THE TASK: With pictures left out, output exactly the lines from the line holding "Золотое кольцо с бриллиантами природными" through the end of the data, both included.

#### DATA ####

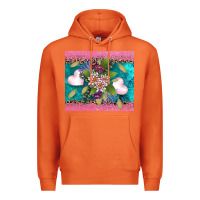 Carrot v.d flowers and hearts Premium Hoodie - AdoDesignShop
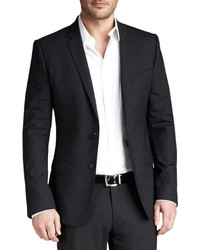 Dolce & Gabbana Martini Stretch Wool Suit Charcoal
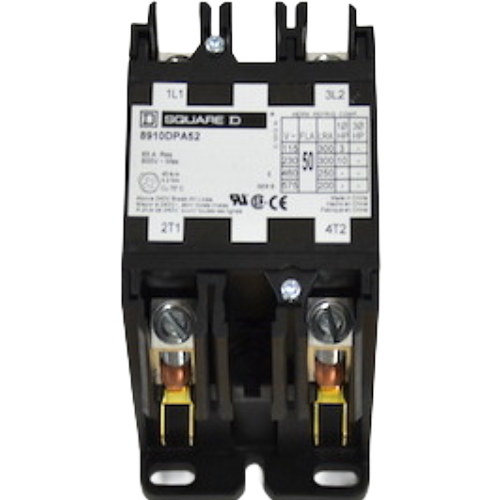 Schneider electric (square d) 8910dpa52v14 2-pole 50a 24v definite purpose contactor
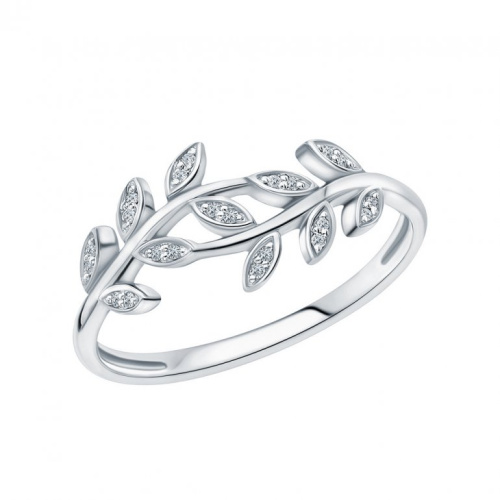 Золотое кольцо с бриллиантами природными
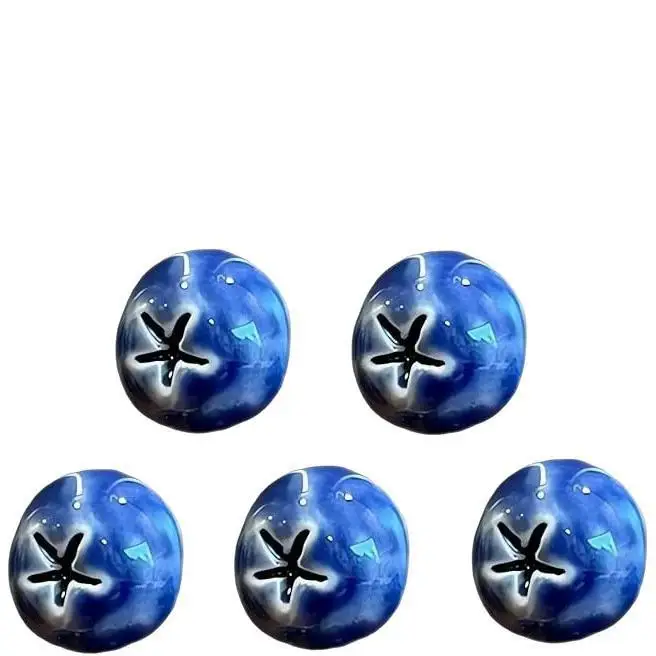 Blueberry Fridge Magnet 3D Realistic Ceramic Fruit Refrigerator Magnets Strong Magnetic Fruit Kitchen Decor Home Office: WHITE
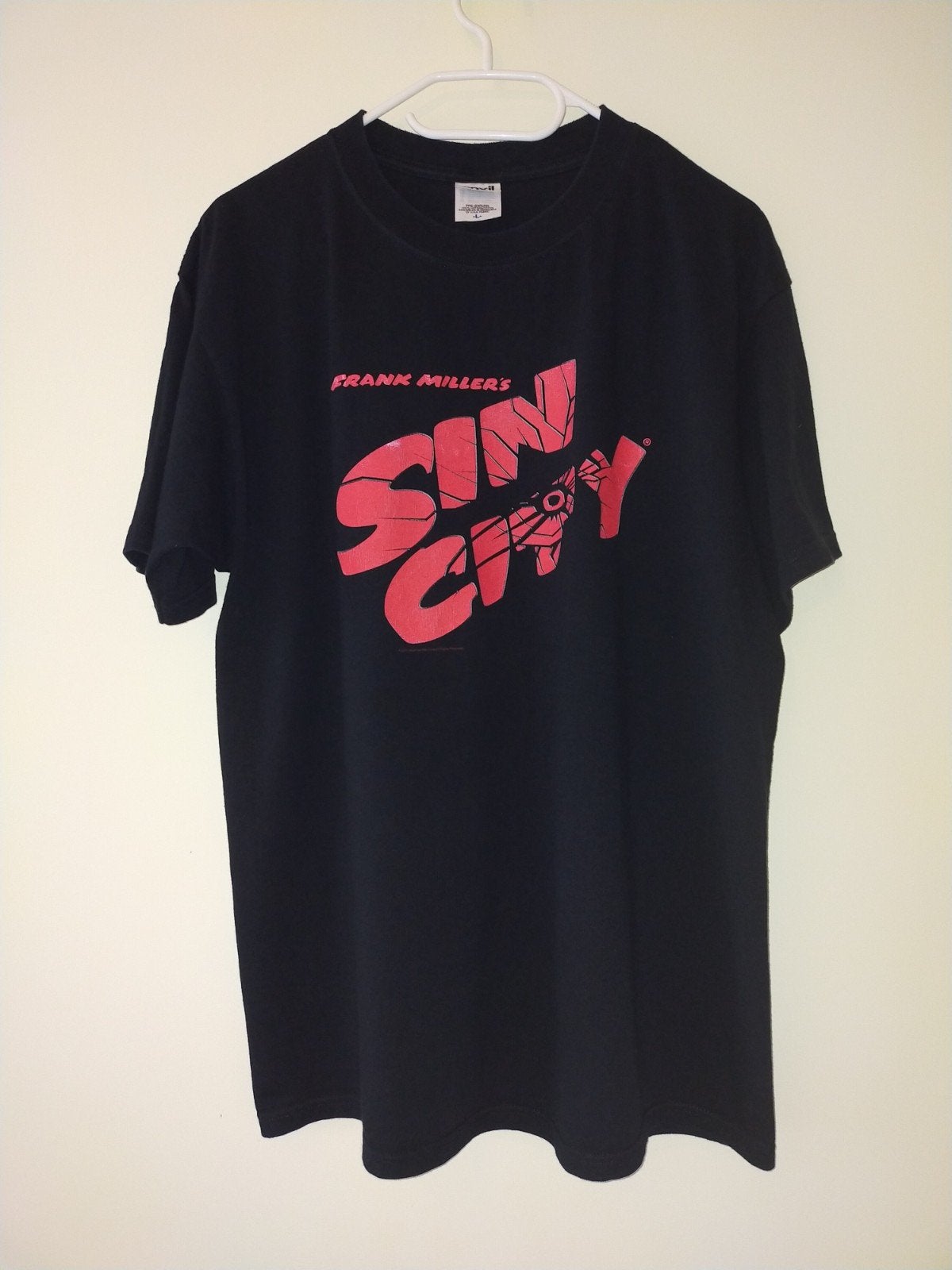 Sin City T-shirt - Anvil - Maat L, Ophalen, Maat 52/54 (L), Zwart, Anvil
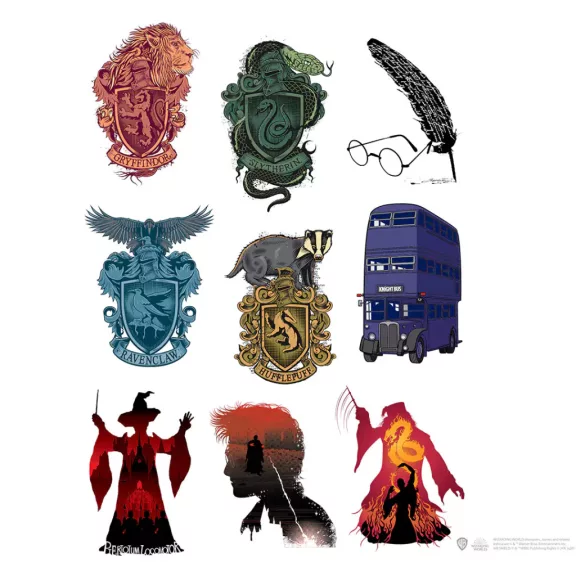 Harry Potter 55 darabos matrica szett Harry Potter 55 darabos matrica szett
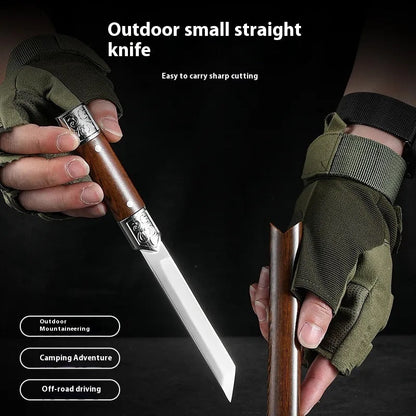 Outdoor Barbecue High Hardness Wilderness Life-saving Knife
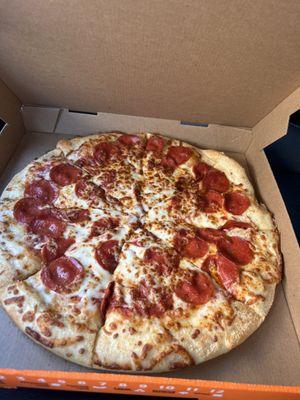 Pepperoni pizza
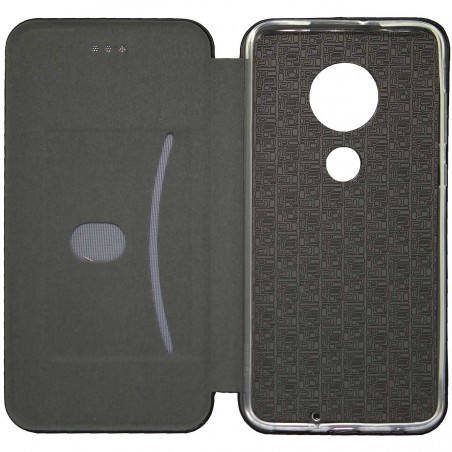 Funda Libro Soporte Magnética Elegance Negra para Motorola Moto G7 / G7 Plus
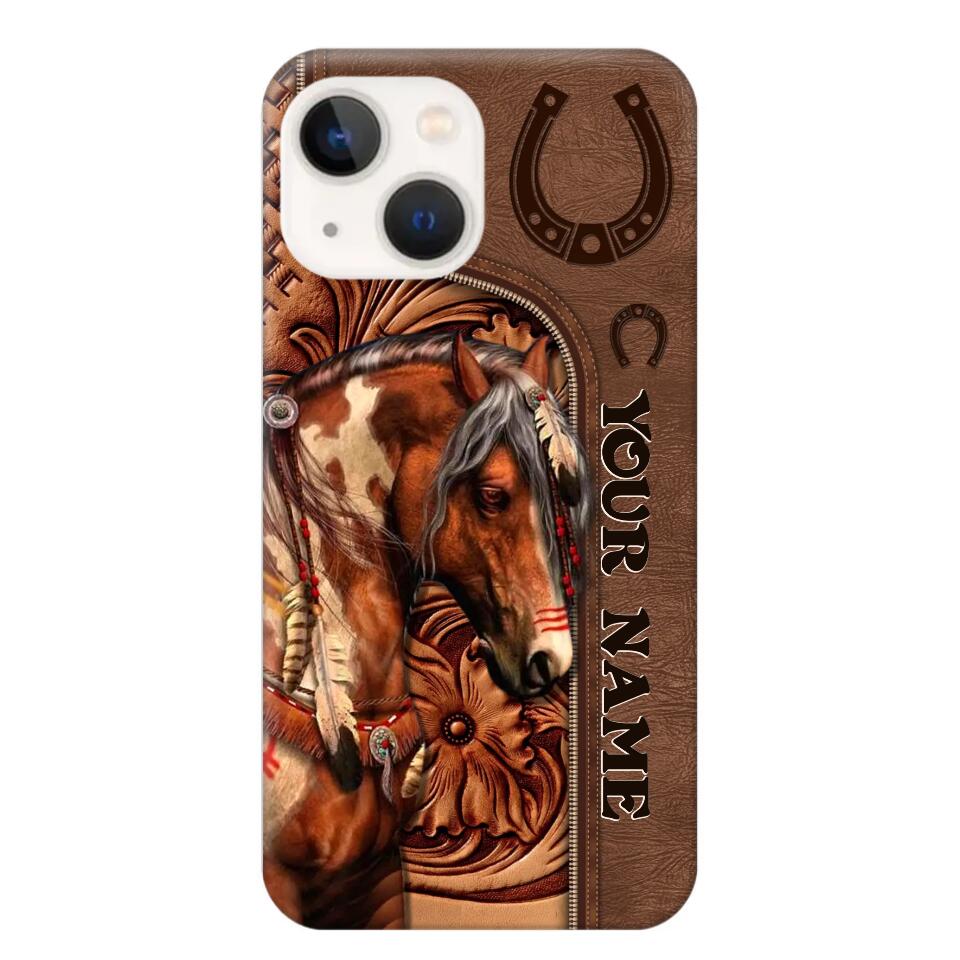 Personalized Horse Lovers Phonecase Printed 23MAR-DT15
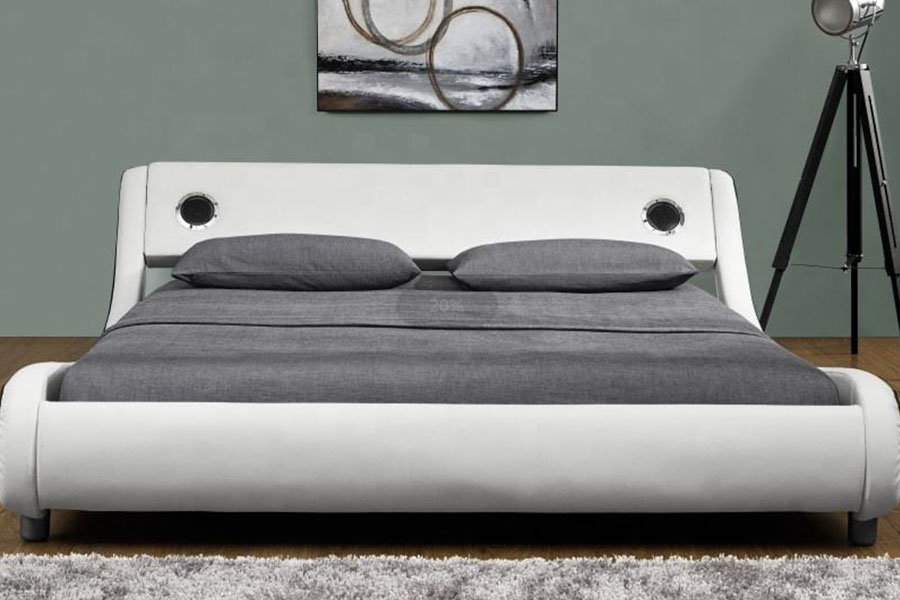 Loa âm nhạc nâng khí 1140S Khung giường bằng da tổng hợp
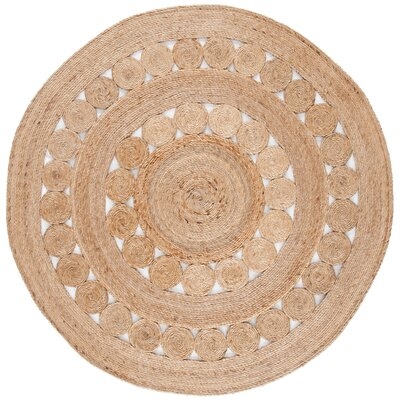 Round Sarita Handmade Flatweave Jute/Sisal Natural Area Rug - Image 0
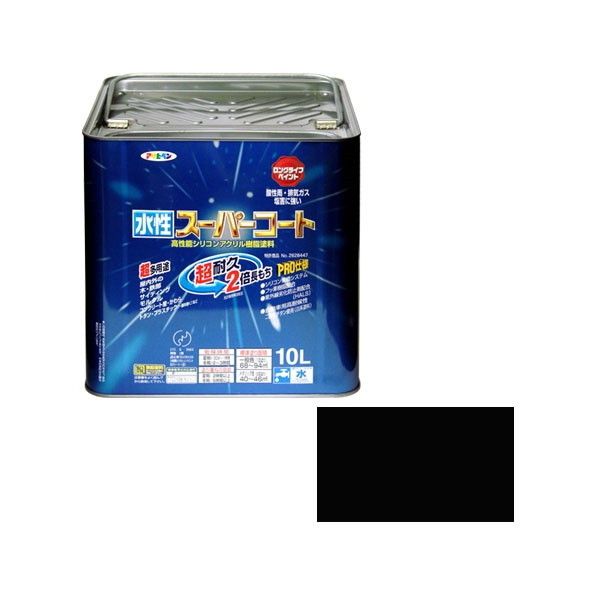楽天市場】アサヒペン 水性スーパーコート 黒 10lの通販 楽天市場】アサヒペン 水性スーパーコート 黒 10lの通販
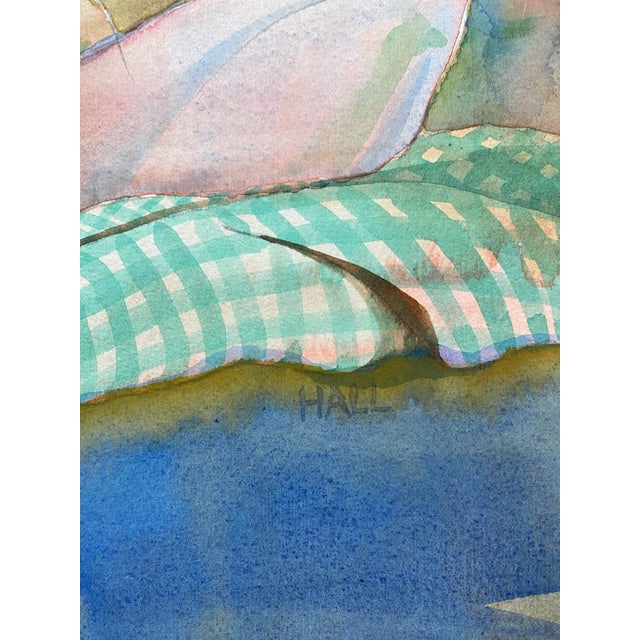 Original Female Nude Watercolor Painting by Jon Hall 1997 For Sale - Image 4 of 5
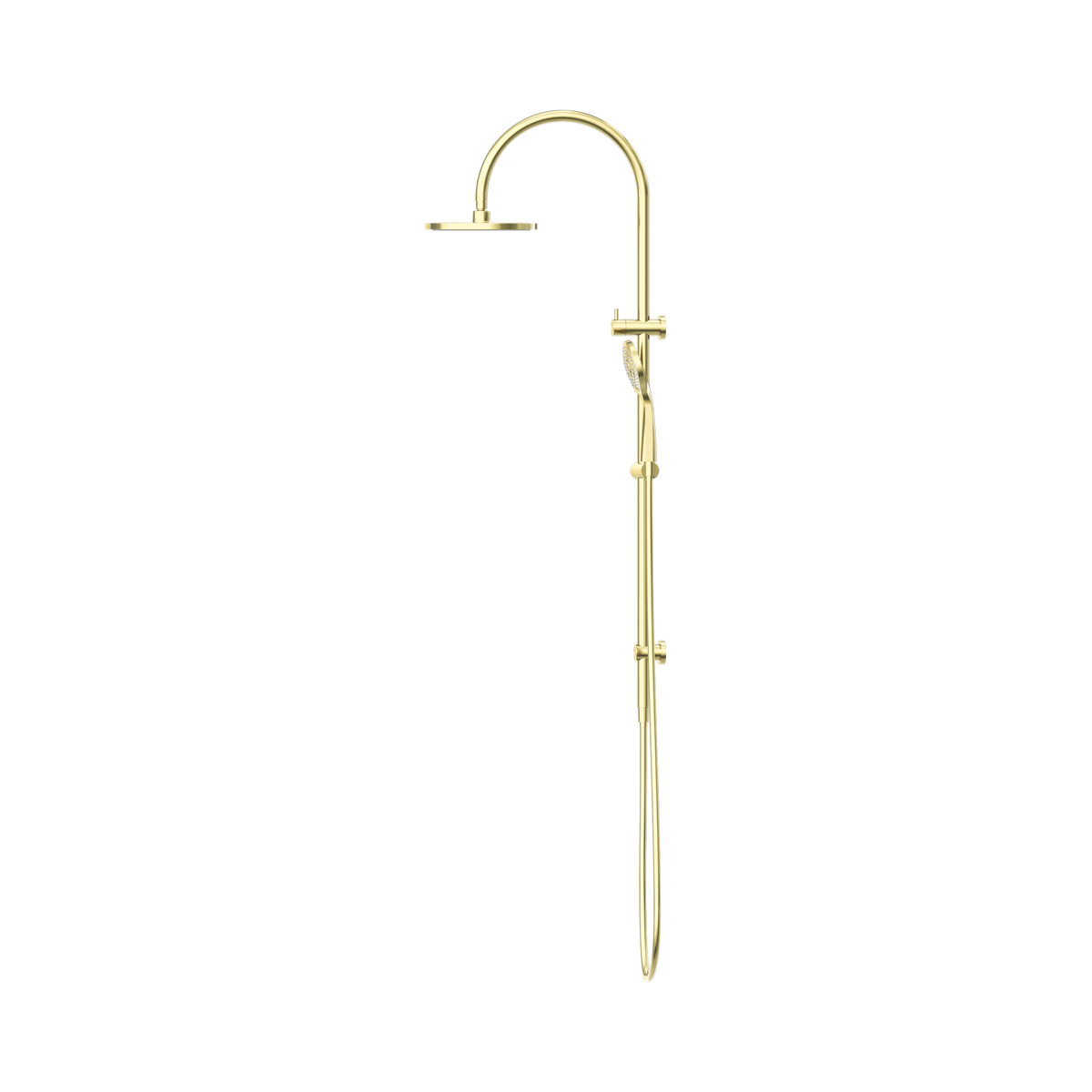 Mecca Twin Shower With Air Shower Brushed Gold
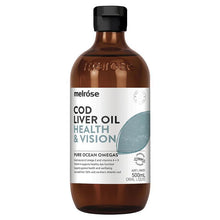 Melrose Omega Cod Liver Oil Health & Vision 500ml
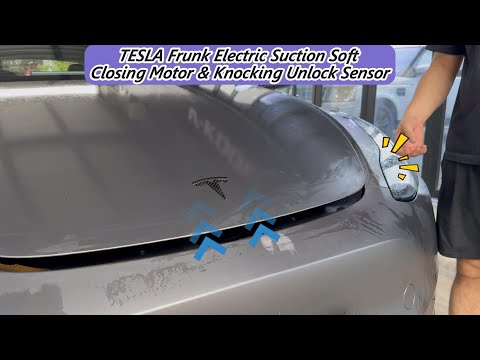 TESLA Model 3/Y Frunk Electric Suction Soft Closing Motor & Knocking Unlock Sensor #tesla #modely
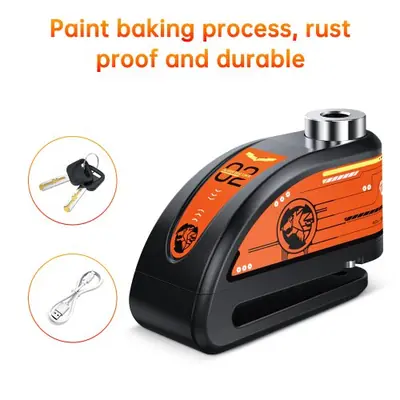 Image de Alarme Anti-Cambriolage Moto avec Serrure Étanche 120dB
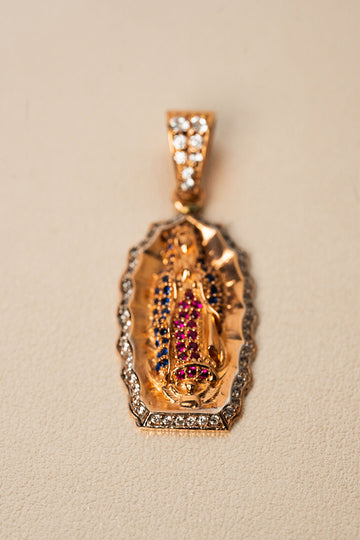 Dije Guadalupe Oro Rosa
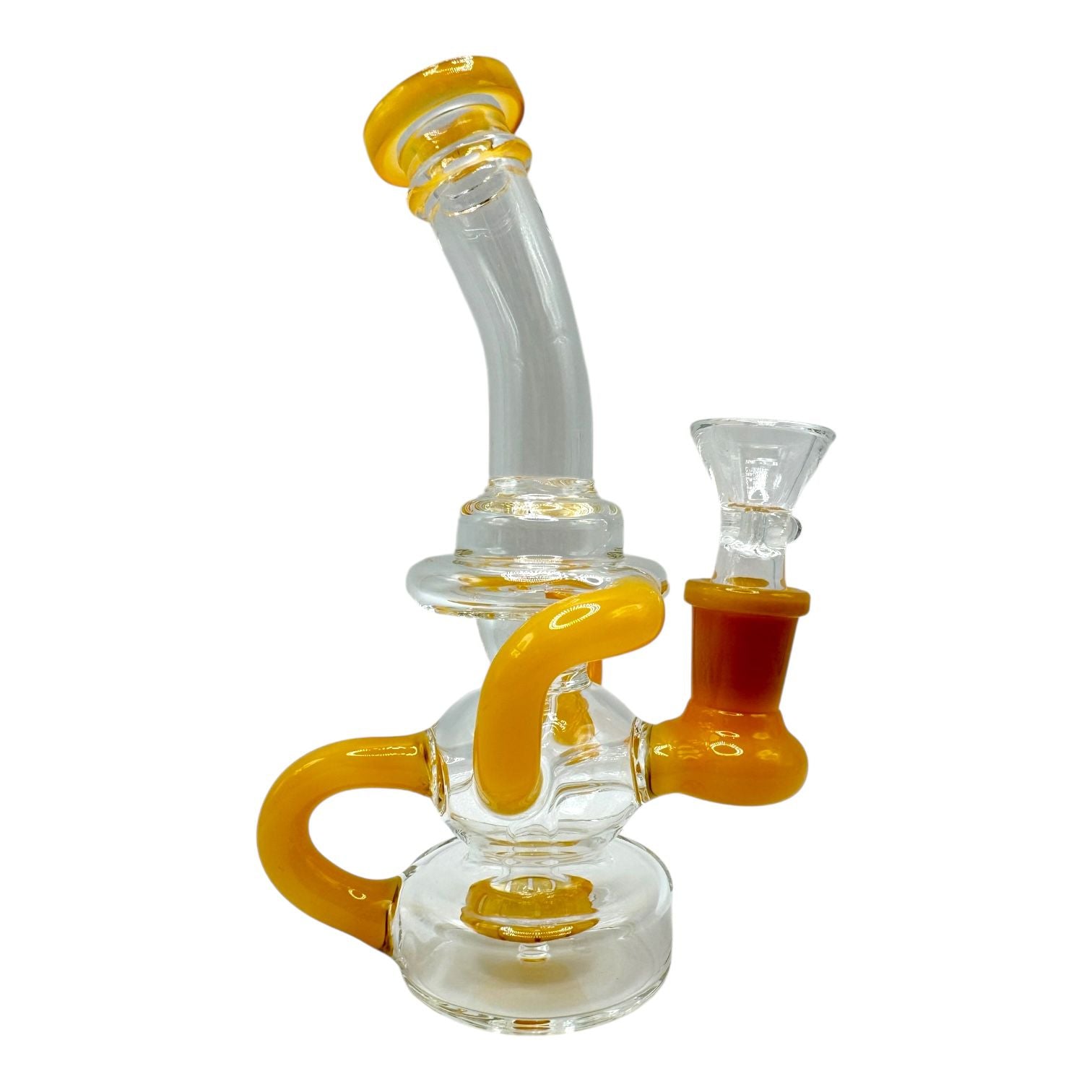 6" Color Bent Neck Recycler Water Pipe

####

REPLY:
 Золотое кольцо с бриллиантами природными
 Blueberry Fridge Magnet 3D Realistic Ceramic Fruit Refrigerator Magnets Strong Magnetic Fruit Kitchen Decor Home Office: WHITE
 Sin City T-shirt - Anvil - Maat L, Ophalen, Maat 52/54 (L), Zwart, Anvil
 Harry Potter 55 darabos matrica szett Harry Potter 55 darabos matrica szett
 Outdoor Barbecue High Hardness Wilderness Life-saving Knife
 Pepperoni pizza
 Funda Libro Soporte Magnética Elegance Negra para Motorola Moto G7 / G7 Plus
 Personalized Horse Lovers Phonecase Printed 23MAR-DT15
 Loa âm nhạc nâng khí 1140S Khung giường bằng da tổng hợp
 Round Sarita Handmade Flatweave Jute/Sisal Natural Area Rug - Image 0
楽天市場】アサヒペン 水性スーパーコート 黒 10lの通販 楽天市場】アサヒペン 水性スーパーコート 黒 10lの通販
 Original Female Nude Watercolor Painting by Jon Hall 1997 For Sale - Image 4 of 5
 Mecca Twin Shower With Air Shower Brushed Gold
 Melrose Omega Cod Liver Oil Health & Vision 500ml
 TESLA Model 3/Y Frunk Electric Suction Soft Closing Motor & Knocking Unlock Sensor #tesla #modely
 Image de Alarme Anti-Cambriolage Moto avec Serrure Étanche 120dB
 Dije Guadalupe Oro Rosa
 6" Color Bent Neck Recycler Water Pipe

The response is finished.